Look below for the line containing "Oyo Flagship 700564". Write out that line and the rest through the last one, exactly as they appear, but without pictures.

**INFORMATION PROVIDED:**
* * * * * * * * *

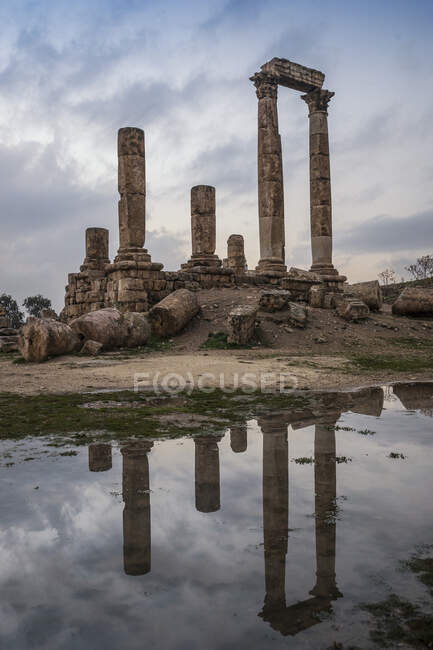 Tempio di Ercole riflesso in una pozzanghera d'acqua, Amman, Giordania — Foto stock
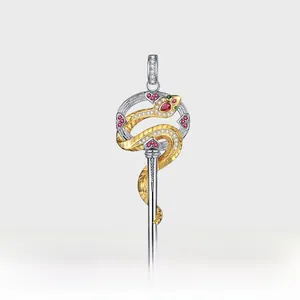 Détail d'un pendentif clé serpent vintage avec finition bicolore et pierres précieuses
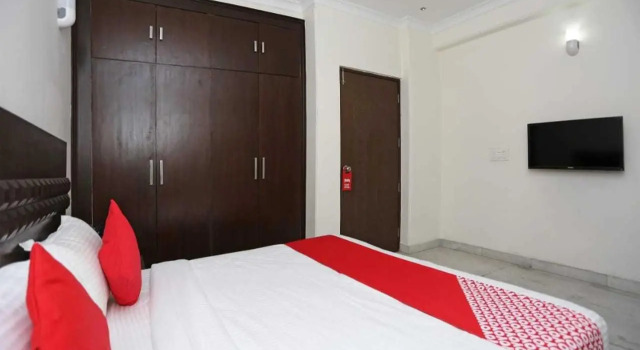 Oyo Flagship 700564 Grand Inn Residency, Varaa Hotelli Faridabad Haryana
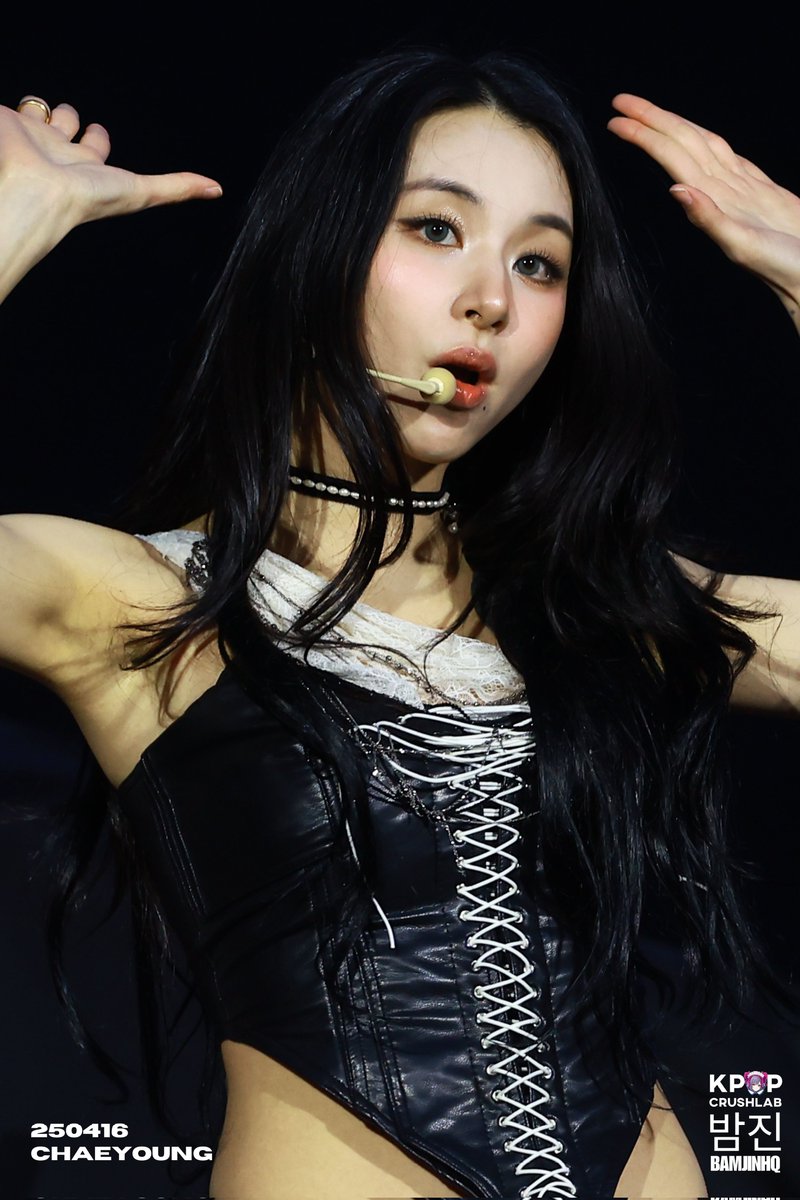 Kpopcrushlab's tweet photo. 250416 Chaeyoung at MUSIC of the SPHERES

* * * * * * * * *

**COMPLETED EXERCISE:**
 Oyo Flagship 700564 Grand Inn Residency, Varaa Hotelli Faridabad Haryana
 Kpopcrushlab's tweet photo. 250416 Chaeyoung at MUSIC of the SPHERES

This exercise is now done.